Oft fangen die meisten viel zu schnell mit Themen an, die bestimmte Prämissen erfordern. „Keiner würde doch sagen: Ich habe 20 Kilogramm zu viel – und ich will jetzt Marathon machen. Da kann ich auch nicht einfach am nächsten Tag loslaufen. Vielmehr muss ich mir einen Trainingsplan geben, wie man innerhalb von anderthalb Jahren dahinkommen kann“, sagt er.

Ein effektiver Change-Plan erfordere eine strukturierte Herangehensweise und die Berücksichtigung von Reifegradmodellen, ein zentrales Element in Pennings Beratungstätigkeit, das wiederum stark die Rolle des Geschäftsführers definiert. Reifegradmodelle – in Anlehnung an Laloux – beschreiben verschiedene Entwicklungsstufen der Organisation eines Unternehmens, die sich unter anderem darin unterscheiden, wie viel der Chef vorgibt und in Führungsarbeit und Coaching steckt, über wie viel Freiheiten Mitarbeiter und Teams verfügen, sie eher einfache oder komplexe Tätigkeiten ausüben und welchen Anteil Projektarbeit und Alltagsgeschäft ausmachen.
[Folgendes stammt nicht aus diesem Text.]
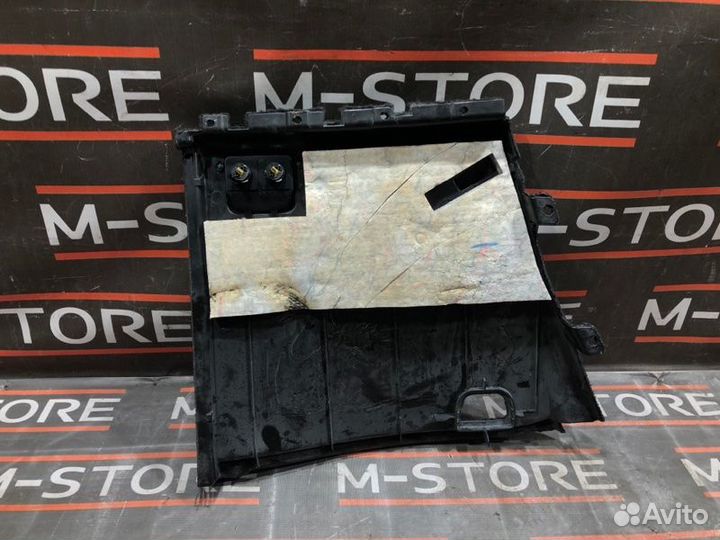 Обшивка багажника левая Bmw X5 E53 M54B30 2005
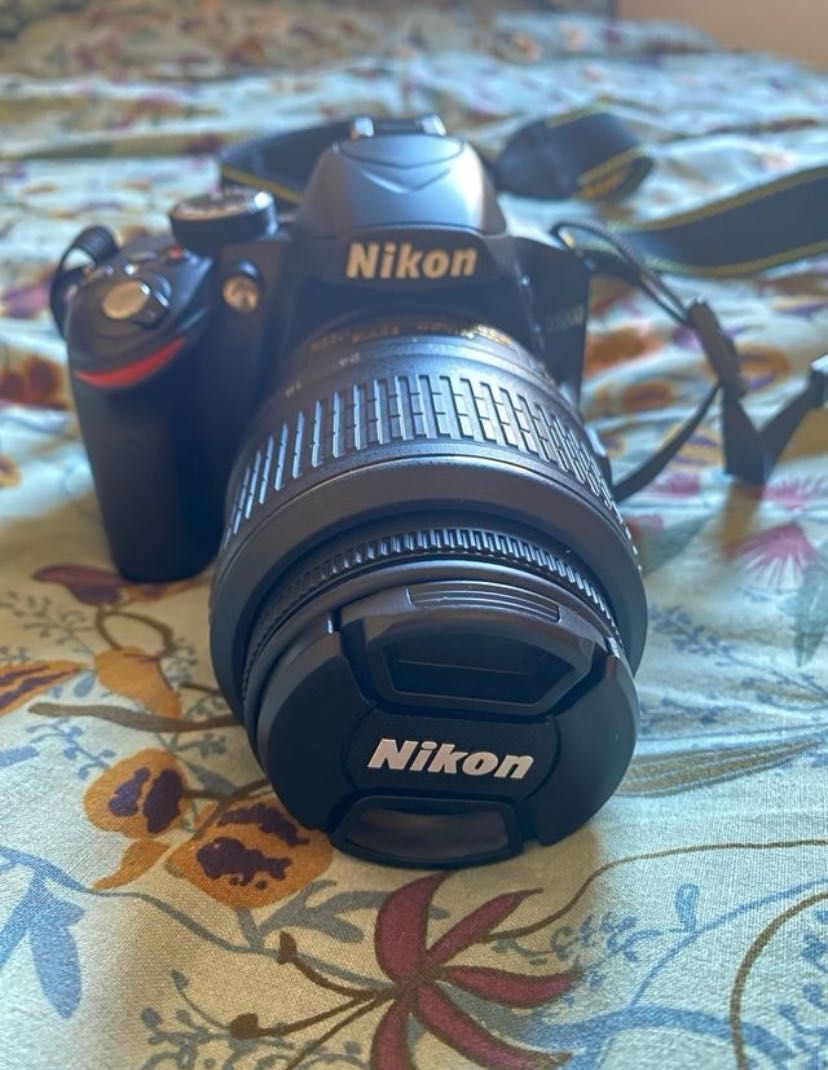 Reflex Nikon D3200 + AF-S DX 18-55mm f/3.5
Die für Penning relevantesten Reifegradmodelle sind die Stufen 2 bis 4:

• 2: Standardisiert, rational, Symbol: Behörde
• 3: Modern, leistungsorientiert, Symbol: Maschine
• 4: Postmodern, pluralistisch, Symbol Familie

Übergreifendes Ziel ist, effektiv auf die Marktherausforderungen zu reagieren. Obwohl es sich dabei um Entwicklungsstufen handelt, betont Penning, dass damit keine Wertung verbunden ist. Schließlich müsse ein – angestrebter höherer – Reifegrad immer auch zum Unternehmen, dem Geschäftsmodell, der Größe, der Kultur und den verfügbaren Mitarbeitern passen. Jede Form habe ihre Berechtigung. Auch inhabergeführte Unternehmen, die auf den alleinigen Führungsanspruch zugeschnitten sind, können erfolgreich sein – allerdings eher in stabilen als dynamischen Märkten. Grob gesagt: Je wachstumsorientierter, leistungsbereiter und innovativer eine Organisation aufgestellt sein muss/ möchte, desto höher muss die Entwicklungsstufen sein, um effizient zu funktionieren und die Kunden zufriedenzustellen. Besonders in volatilen Märkten.
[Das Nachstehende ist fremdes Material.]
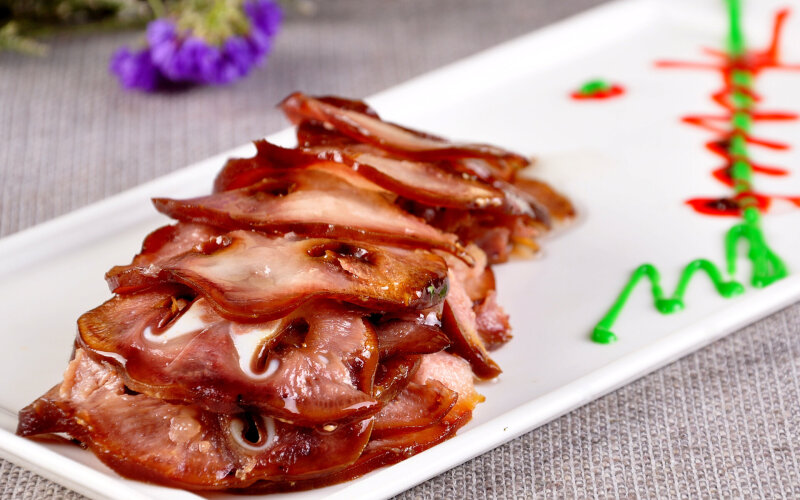 Свиной пятачок в соевом соусе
Der Kern: Führungsqualität

Schließlich läuft all dies auf Führungsqualität zu – der zentrale Punkt eines CEO-Anforderungsprofils, wie Penning ausführt: „Ich muss Führung als Gestaltungsfaktor begreifen – der zu mehr Mitdenken und letztlich zu mehr Leistung führt bei den Führungskräften und Mitarbeitern, sie zur Umsetzung bringt.“ Das sei der Kern von Führungsqualität, und der CEO müsse hier der Ermöglicher sein und seinen Leuten gegebenenfalls folgende Fragen stellen: „Was brauchst du, damit du diesen Prozess mitgehen kannst? Wie kann ich dich dabei unterstützen, wie kommst du zusätzlich in deine Selbstmotivation?“ Dass muss die Führungskraft als essenziellen Teil seiner Aufgabe begreifen und hier Verantwortung übernehmen.

Geht es nach Penning, sind die Anforderungen an einen Geschäftsführer im modernen Unternehmensumfeld vielschichtig – und durchaus herausfordernd: Von der Gestaltung der Unternehmenskultur über die Mitabeiterentwicklung bis hin zur Gestaltung des Change – ein erfolgreicher CEO muss eine Vielzahl von Kompetenzen jenseits des Fachlichen beherrschen, immer entlang dem Reifegrad. Letztendlich ist es die Fähigkeit, zu navigieren, Veränderungen anzunehmen und aktiv zu gestalten, die über die Zukunftsfähigkeit eines Unternehmens entscheidet – ja darüber, ob das Unternehmen zukunftsfähig ist. Die moderne Rolle des Geschäftsführers ist damit existenziell.